Rolino also believes that Joe Gans was the best lightweight of all time, and that includes Benny Leonard and Roberto Duran.

“Mayweather wouldn’t have lasted two rounds with Tony Canzoneri or Barney Ross,” said Rolino, whose opinions are as strong as his arms. “He’s a flake. The old-timers fought 30 times a year. Could Mayweather fight that often?”

He also has great fondness for Mickey Walker and says Sugar Ray Robinson was “a great welterweight, but he was not so great as a middleweight.”

Rolino’s love affair with boxing started at a very young age. It reached its apex in 1919, when as a 14 year old he says his brother took him to Toledo, Ohio, to see Jack Dempsey knock out the gargantuan Jess Willard.

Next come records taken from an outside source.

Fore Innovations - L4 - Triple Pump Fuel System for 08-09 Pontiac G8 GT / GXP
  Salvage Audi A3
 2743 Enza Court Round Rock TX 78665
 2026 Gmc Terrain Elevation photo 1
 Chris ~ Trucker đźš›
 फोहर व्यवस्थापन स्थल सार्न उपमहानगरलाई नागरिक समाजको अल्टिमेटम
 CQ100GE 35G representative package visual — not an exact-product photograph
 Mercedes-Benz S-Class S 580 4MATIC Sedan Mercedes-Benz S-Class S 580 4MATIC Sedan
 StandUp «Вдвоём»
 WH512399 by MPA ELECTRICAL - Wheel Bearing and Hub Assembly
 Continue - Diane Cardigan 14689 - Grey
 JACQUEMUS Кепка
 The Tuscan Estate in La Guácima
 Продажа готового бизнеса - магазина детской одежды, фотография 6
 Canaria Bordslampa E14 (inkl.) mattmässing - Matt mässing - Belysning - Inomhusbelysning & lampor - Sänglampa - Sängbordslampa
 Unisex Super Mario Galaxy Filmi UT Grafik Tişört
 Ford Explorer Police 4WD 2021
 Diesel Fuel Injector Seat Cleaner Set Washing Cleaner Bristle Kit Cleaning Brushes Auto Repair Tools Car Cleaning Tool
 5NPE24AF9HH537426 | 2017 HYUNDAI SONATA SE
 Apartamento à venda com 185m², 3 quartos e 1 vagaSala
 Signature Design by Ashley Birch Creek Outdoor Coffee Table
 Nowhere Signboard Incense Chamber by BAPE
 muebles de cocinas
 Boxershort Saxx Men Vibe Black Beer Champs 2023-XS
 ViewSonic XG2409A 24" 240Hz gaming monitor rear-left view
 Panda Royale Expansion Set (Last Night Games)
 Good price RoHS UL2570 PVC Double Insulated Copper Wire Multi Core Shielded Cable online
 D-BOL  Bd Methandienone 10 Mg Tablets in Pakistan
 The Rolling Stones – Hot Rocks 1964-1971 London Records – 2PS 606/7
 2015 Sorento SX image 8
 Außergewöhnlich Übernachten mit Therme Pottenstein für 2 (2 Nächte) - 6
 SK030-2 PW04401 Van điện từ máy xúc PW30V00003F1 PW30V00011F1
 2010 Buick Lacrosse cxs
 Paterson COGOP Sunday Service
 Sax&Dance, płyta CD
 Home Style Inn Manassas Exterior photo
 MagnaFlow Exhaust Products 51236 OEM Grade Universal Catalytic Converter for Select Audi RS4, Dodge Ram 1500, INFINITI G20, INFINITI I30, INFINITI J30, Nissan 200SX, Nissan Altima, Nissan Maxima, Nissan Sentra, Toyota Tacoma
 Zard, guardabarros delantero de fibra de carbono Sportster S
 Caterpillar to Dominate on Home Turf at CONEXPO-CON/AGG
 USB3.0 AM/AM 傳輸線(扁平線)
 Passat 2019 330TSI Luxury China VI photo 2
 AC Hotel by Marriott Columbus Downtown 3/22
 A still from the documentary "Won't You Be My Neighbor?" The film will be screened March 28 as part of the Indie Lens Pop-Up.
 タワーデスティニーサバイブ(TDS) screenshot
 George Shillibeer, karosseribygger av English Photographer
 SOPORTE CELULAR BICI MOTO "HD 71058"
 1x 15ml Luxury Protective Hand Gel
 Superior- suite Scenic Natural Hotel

“It was the most exciting fight I’ve ever seen, and I’ve seen a lot of them,” said Rolino. “Dempsey came out like a wild animal, but he was the best fighter in the world. He beat a lot of guys that were bigger than him. The only fighter who came close to him was Harry Greb.”

It is hard to believe there is someone alive who personally bore witness to a battle as epic as Dempsey-Willard. But the more you speak to Rolino, as well as the scores of friends and colleagues who attended his March 19 birthday bash at a Brooklyn eatery called the New Corner, you realize he is not a man prone to hyperbole.

He is the patriarch of the Old Time Barbell and Strongmen, an organization consisting of men, some in their ‘70s and ‘80s, who can still bend steel nails or railroad spikes with their bare hands, rip books in half from the binder side, or twist quarters with their teeth and thumbs.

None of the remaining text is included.